[Brief descriptive captions]
━━━━━━━━
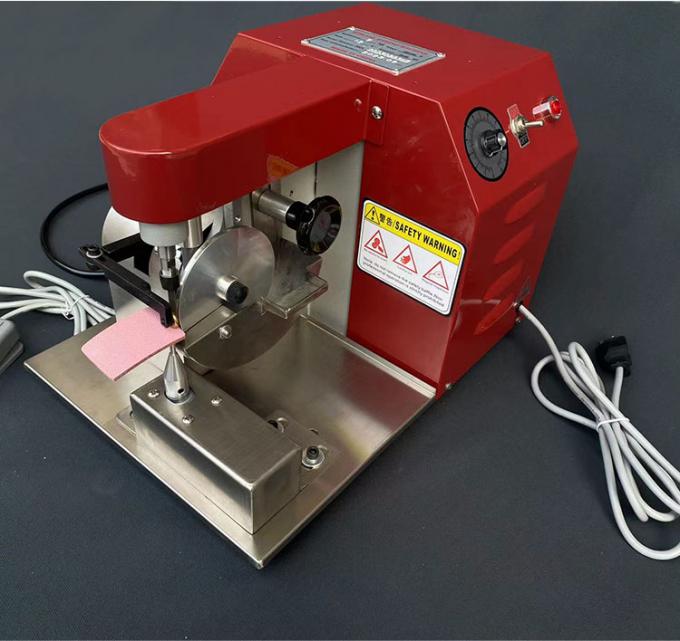 Máquina elétrica de tingir bordas de couro de lado único 10
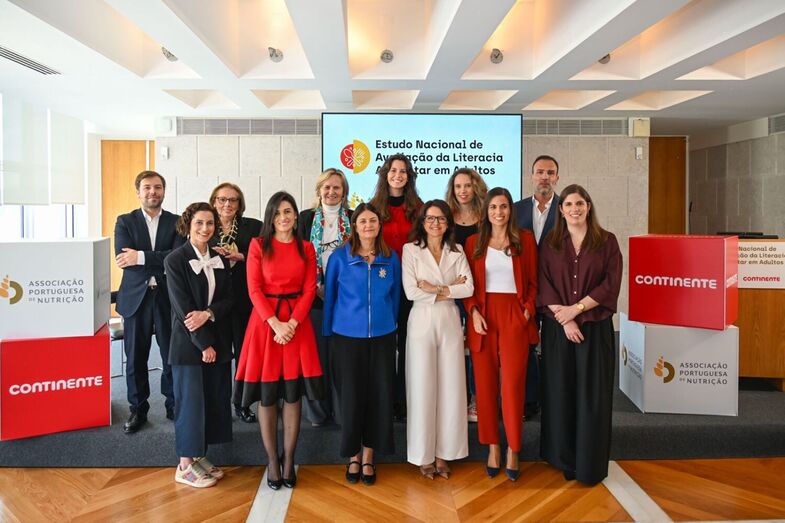 Apresentação do Estudo Nacional de Avaliação da Literacia Alimentar em Adultos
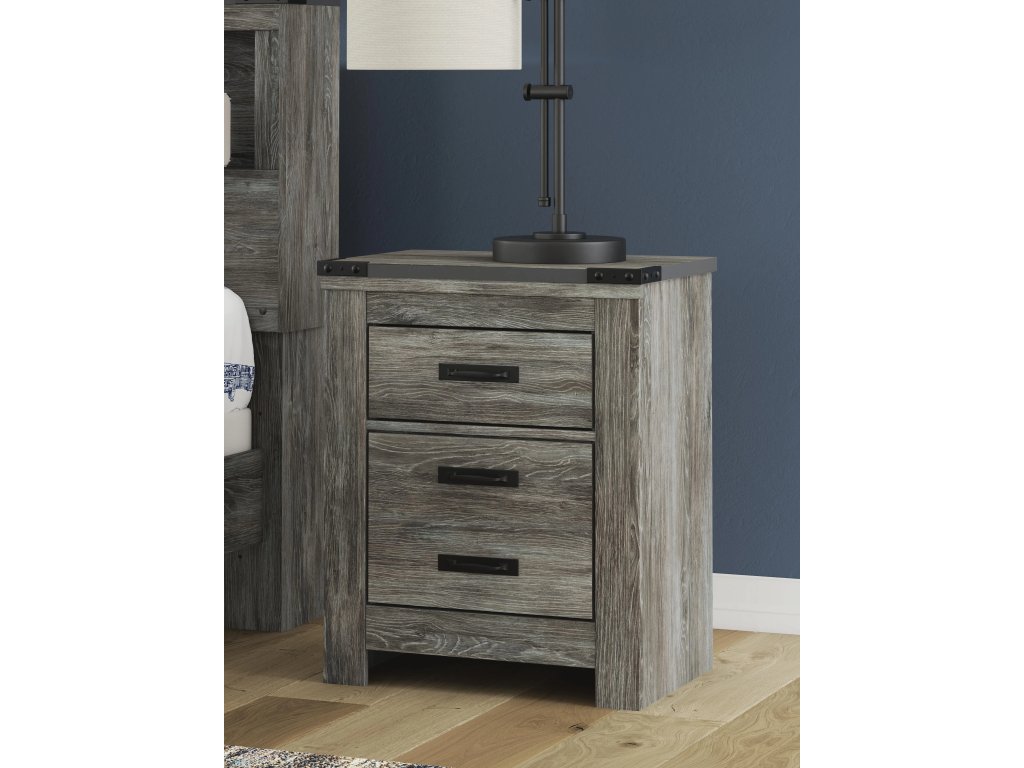 Frandern Queen Panel Bed, Dresser, Mirror, Chest and 2 Nightstands - image 32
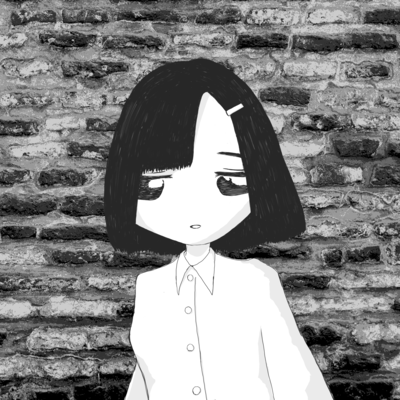 Monochrome Front Cover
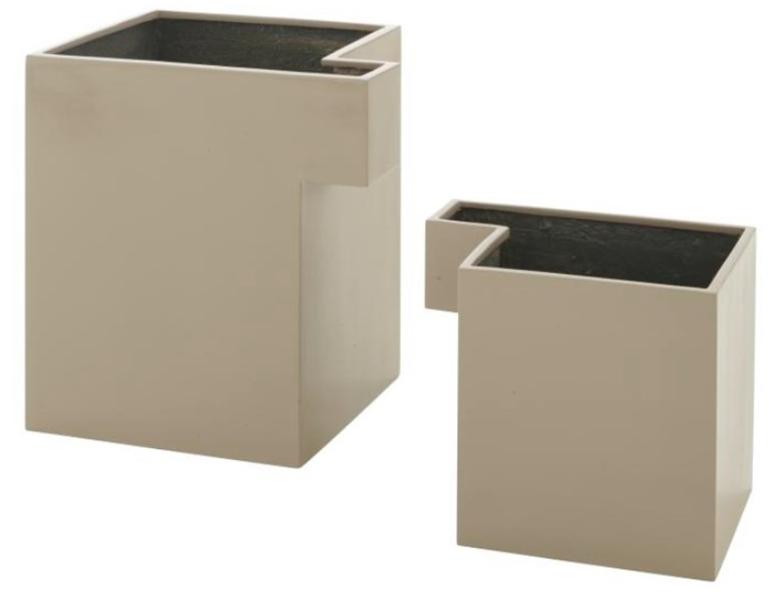 Ligne Roset Садовый горшок из стекловолокна  11230510  - Вид №1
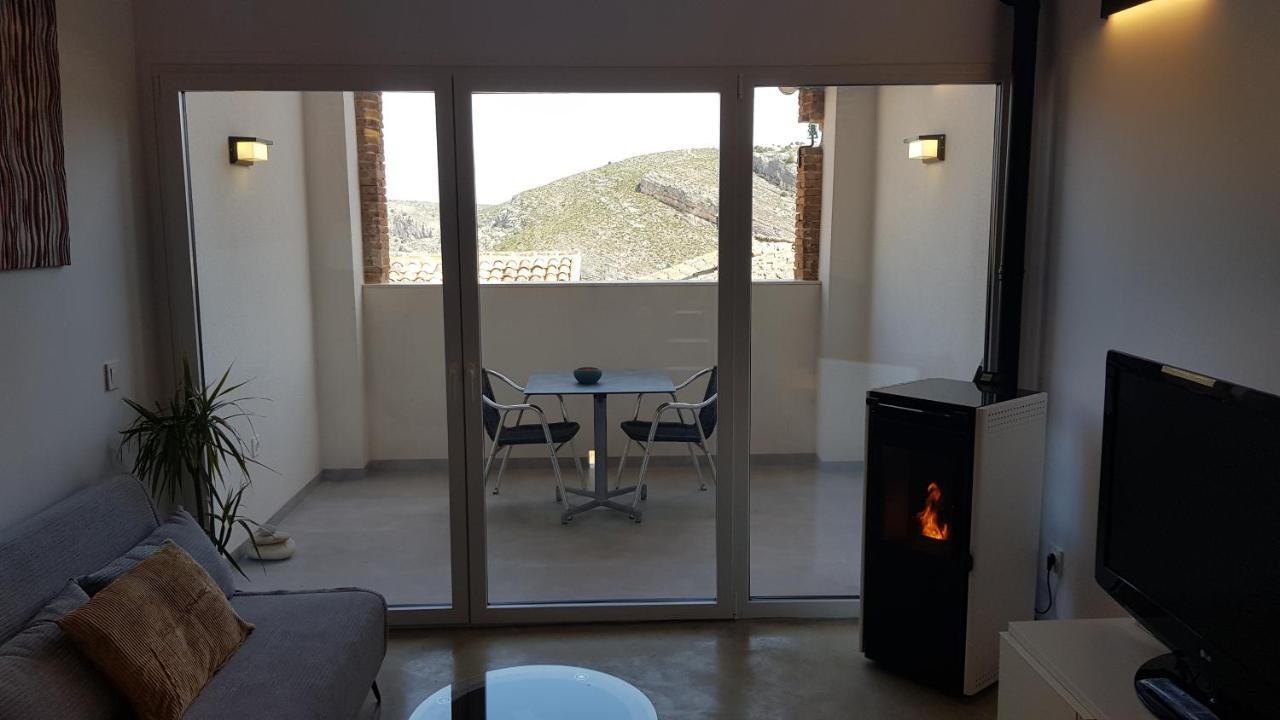 Loft Mariola - Apartamento En El Centro Historico Bocairent Eksteriør billede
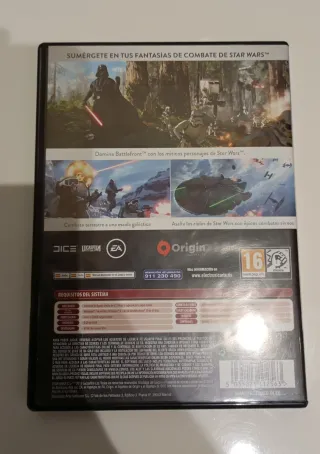 Star Wars Battlefront PC DVD ROM EA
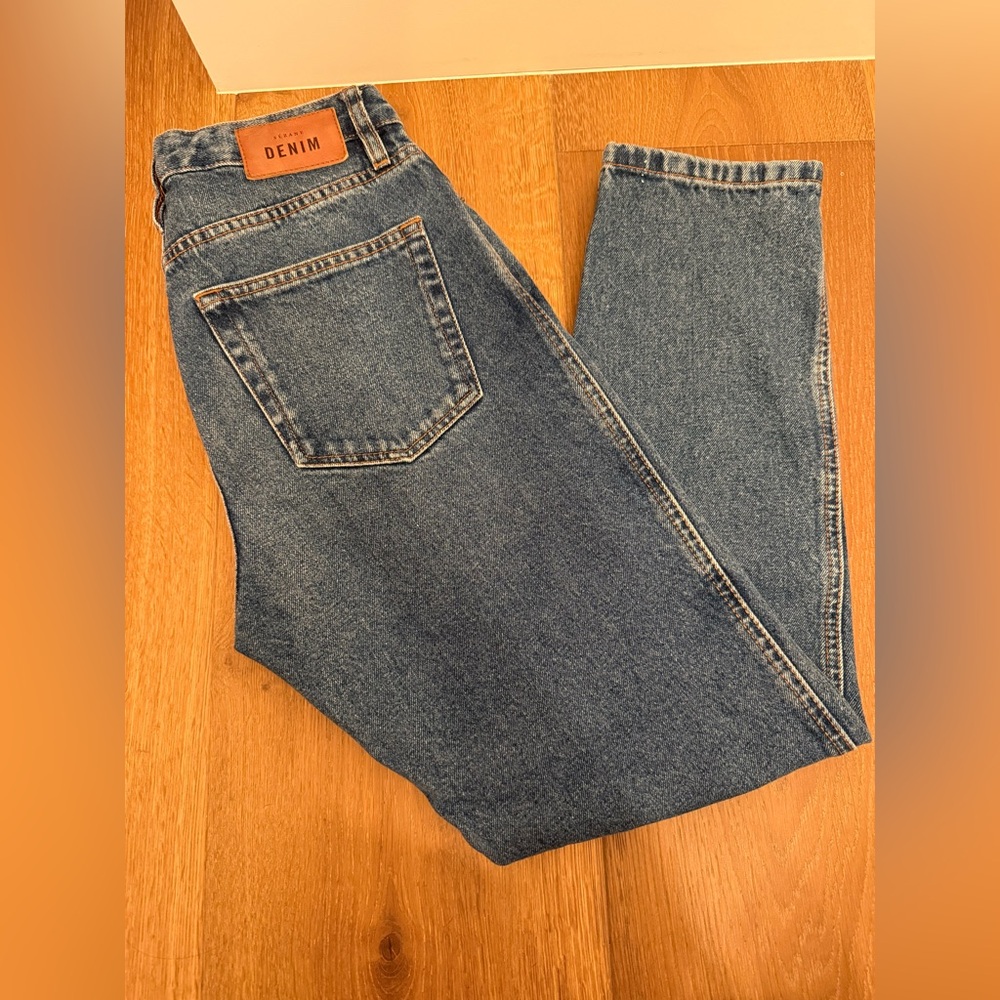 Sezane Brut Sexy Jeans - Denim Blue (Size 28)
━━━━━━━━
*About this task*: Give back exactly the lines from the one that contains "Monochrome Front Cover" to the final line of the data above, both included, with all pictures removed.

*Solution to the problem*:
 Monochrome Front Cover
 Ligne Roset Садовый горшок из стекловолокна  11230510  - Вид №1
 Loft Mariola - Apartamento En El Centro Historico Bocairent Eksteriør billede
 Star Wars Battlefront PC DVD ROM EA
 Sezane Brut Sexy Jeans - Denim Blue (Size 28)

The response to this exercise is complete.